WHAT YOU SHOULD DO:
Take the lines below between the one holding "Dkny - T-shirt biały P0GXCDNA" and the one holding "Sword Icon Design", inclusive, and copy them exactly. Add nothing.

RECORDS PROVIDED:
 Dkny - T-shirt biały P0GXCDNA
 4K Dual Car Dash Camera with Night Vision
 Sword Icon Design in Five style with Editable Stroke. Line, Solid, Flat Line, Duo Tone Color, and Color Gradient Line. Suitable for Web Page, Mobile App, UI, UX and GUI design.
---
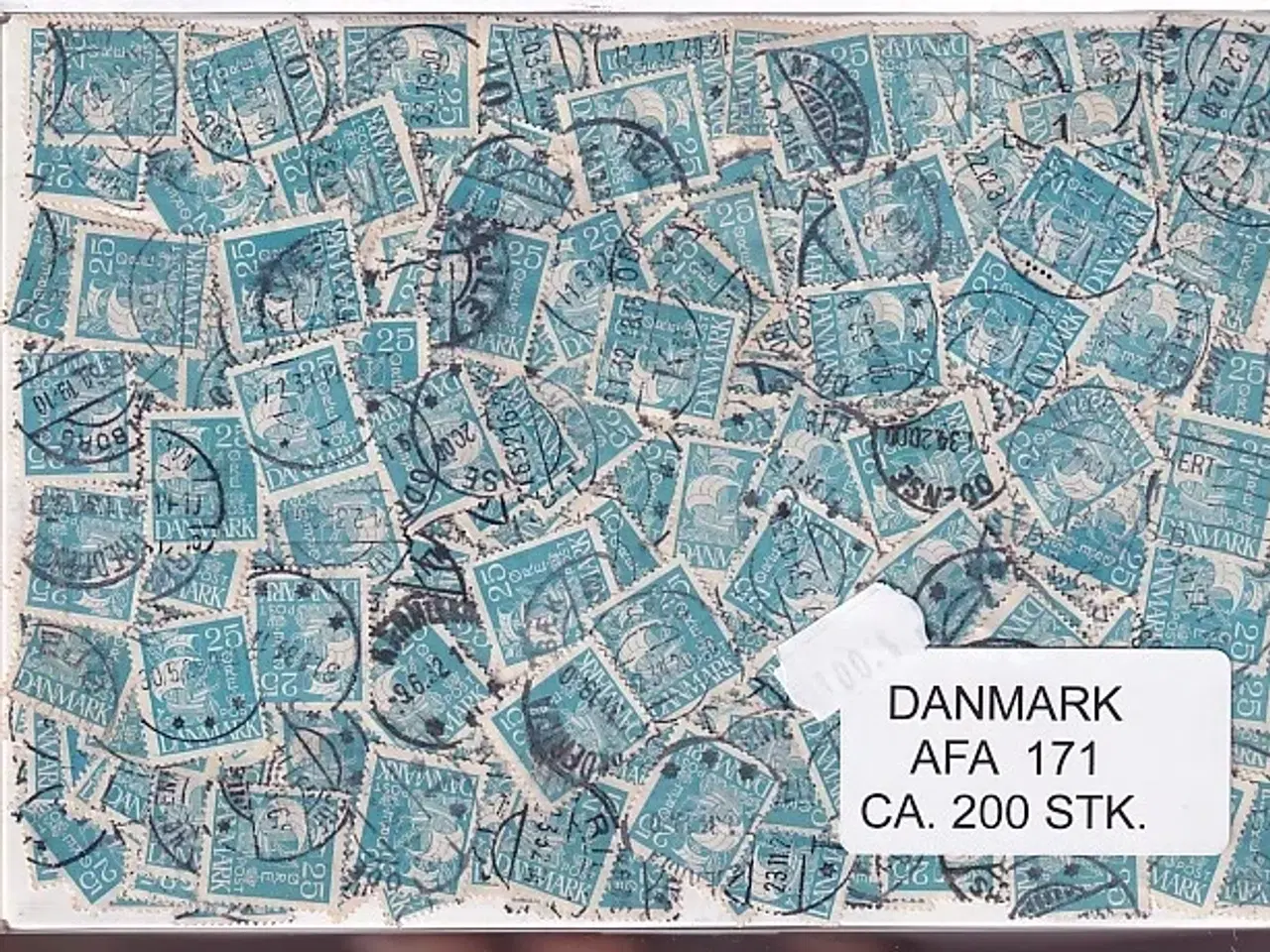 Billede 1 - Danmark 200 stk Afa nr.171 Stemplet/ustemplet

TASK ANSWER:
 Dkny - T-shirt biały P0GXCDNA
 4K Dual Car Dash Camera with Night Vision
 Sword Icon Design in Five style with Editable Stroke. Line, Solid, Flat Line, Duo Tone Color, and Color Gradient Line. Suitable for Web Page, Mobile App, UI, UX and GUI design.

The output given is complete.